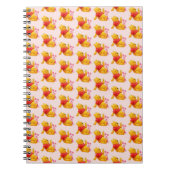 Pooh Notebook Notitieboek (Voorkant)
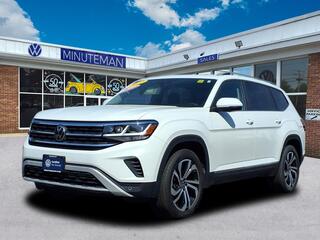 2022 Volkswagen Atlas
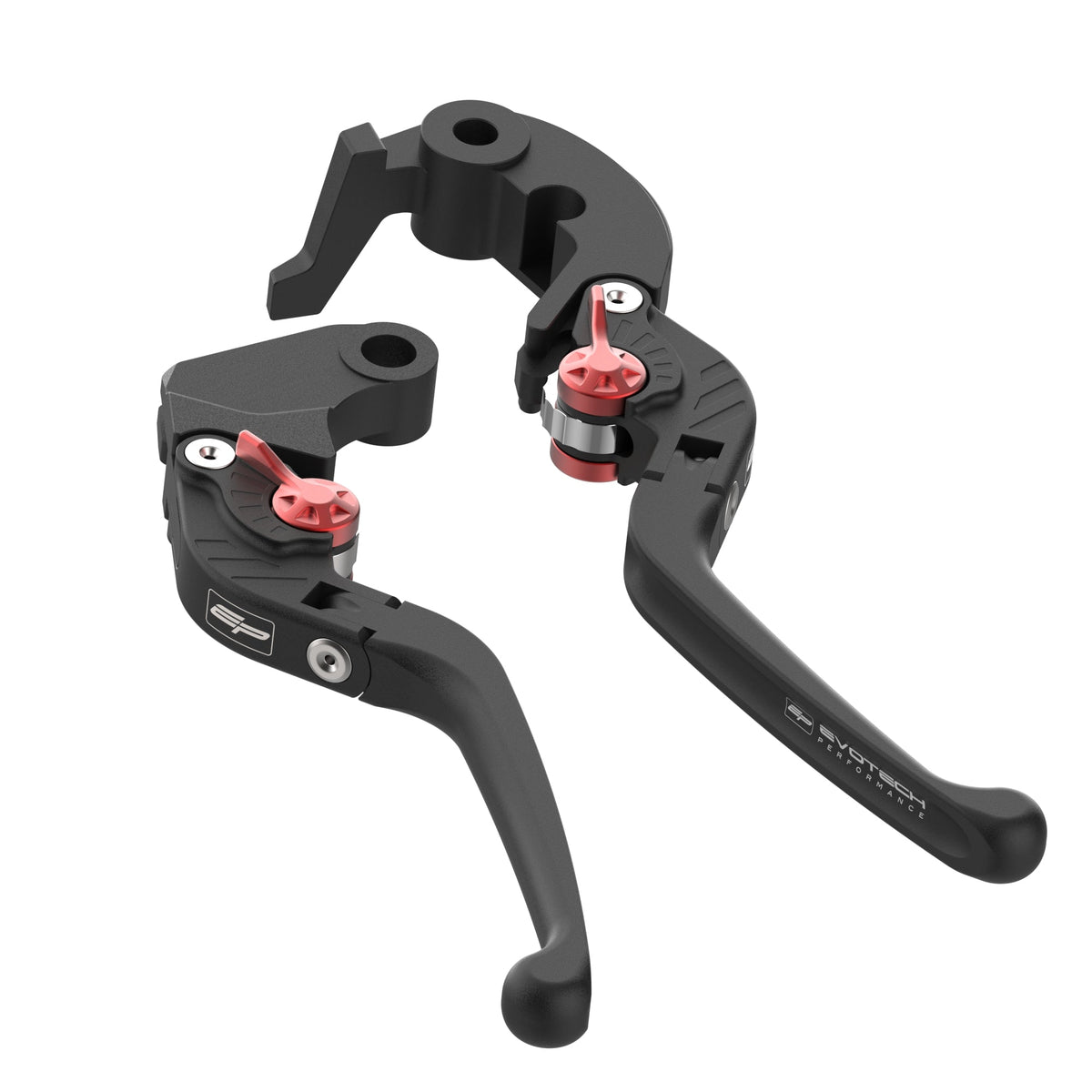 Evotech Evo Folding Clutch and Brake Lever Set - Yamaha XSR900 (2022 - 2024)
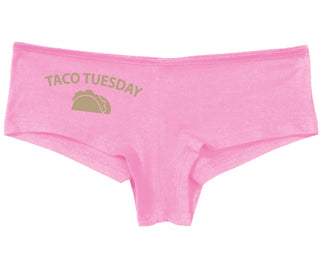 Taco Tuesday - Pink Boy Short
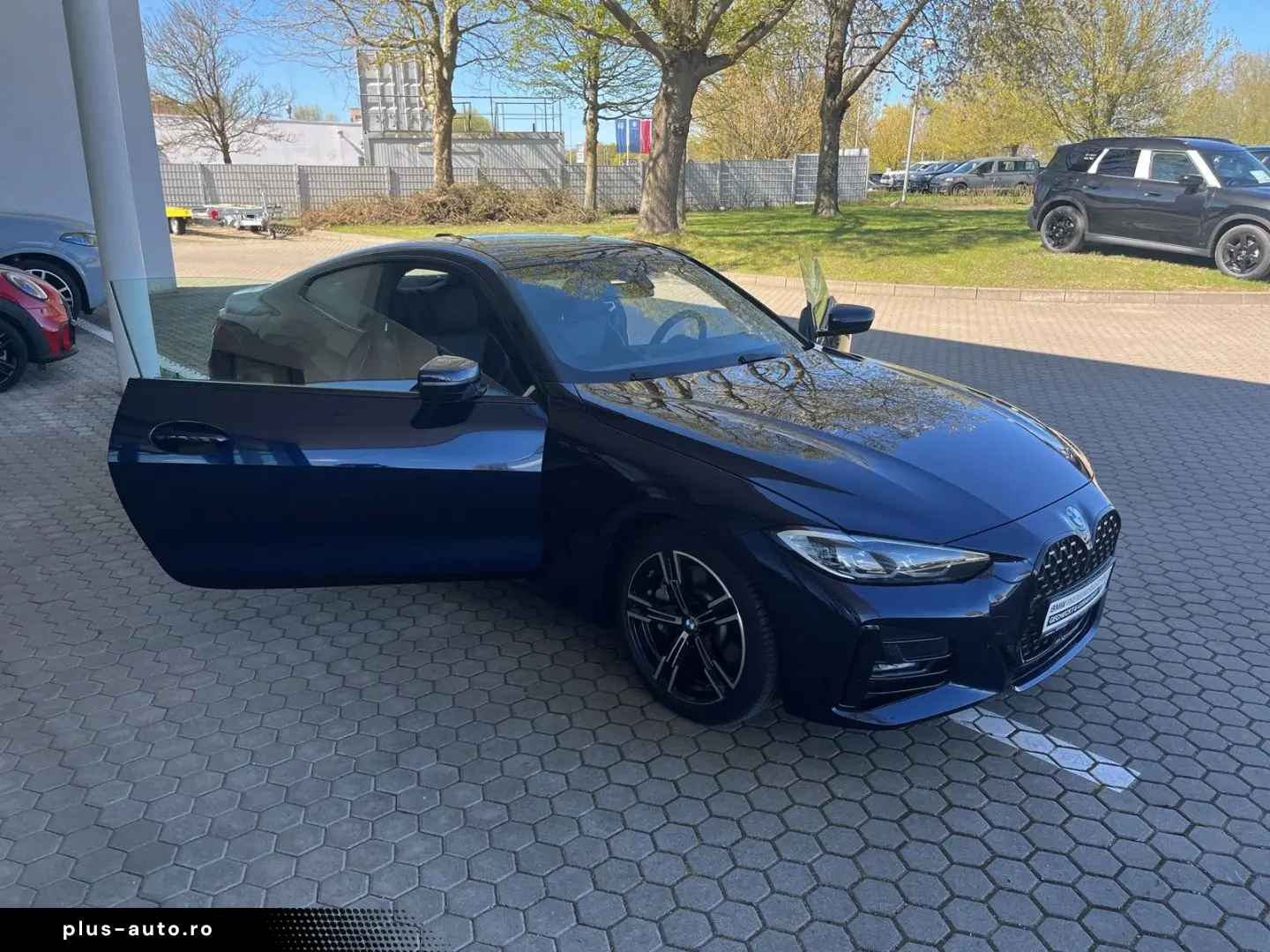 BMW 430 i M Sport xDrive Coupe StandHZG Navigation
──────────
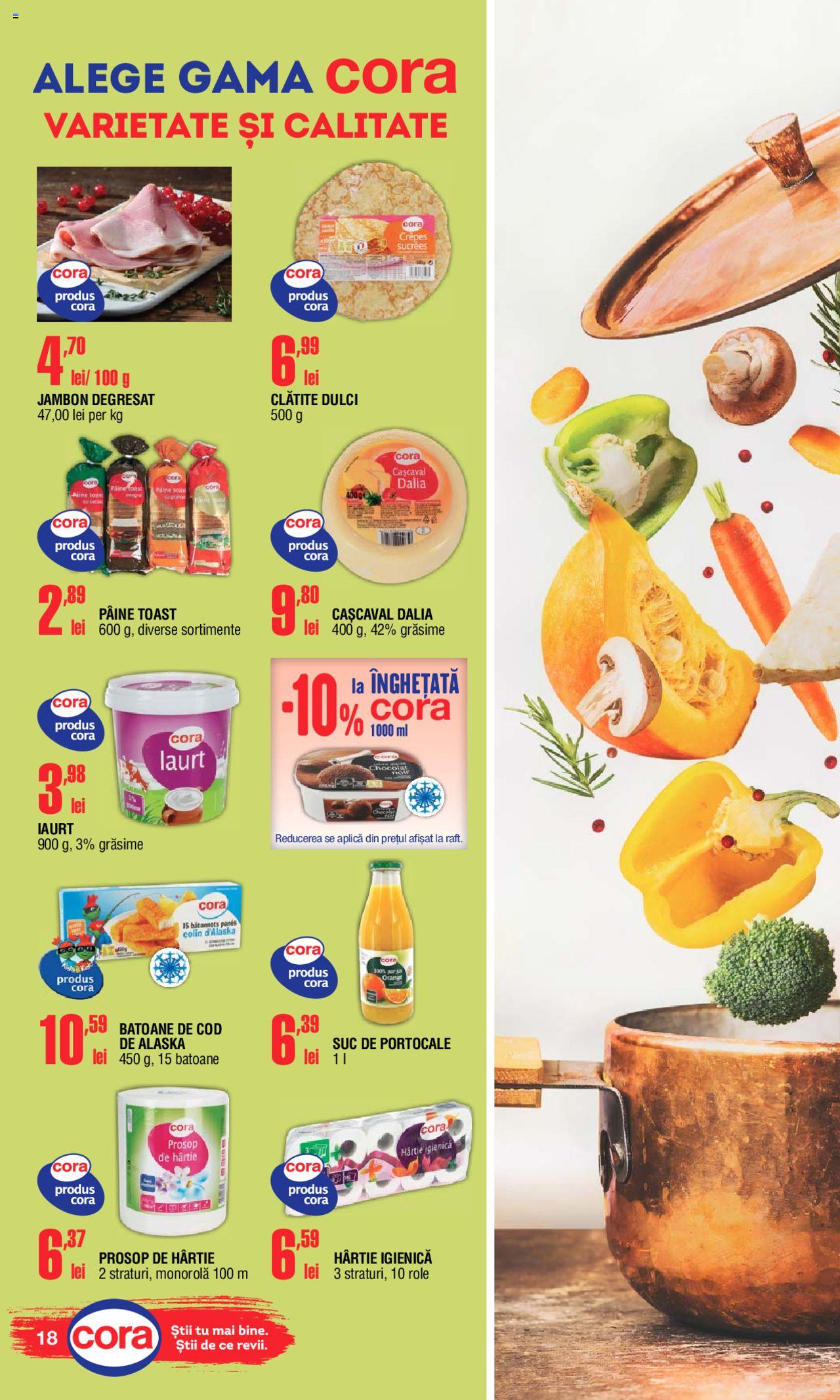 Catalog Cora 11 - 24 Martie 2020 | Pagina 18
──────────
* _DESCRIPTION OF THE TASK_
Work from the entries above. Set down exactly and only the lines from the line with "Pooh Notebook Notitieboek (Voorkant)" to the line with "BMW 430 i M", both included, and leave the pictures out.

* _WRITTEN ANSWER_
 Pooh Notebook Notitieboek (Voorkant)
 2022 Volkswagen Atlas
 Evotech Evo Folding Clutch and Brake Lever Set - Yamaha XSR900 (2022 - 2024)
 Taco Tuesday - Pink Boy Short
 BMW 430 i M Sport xDrive Coupe StandHZG Navigation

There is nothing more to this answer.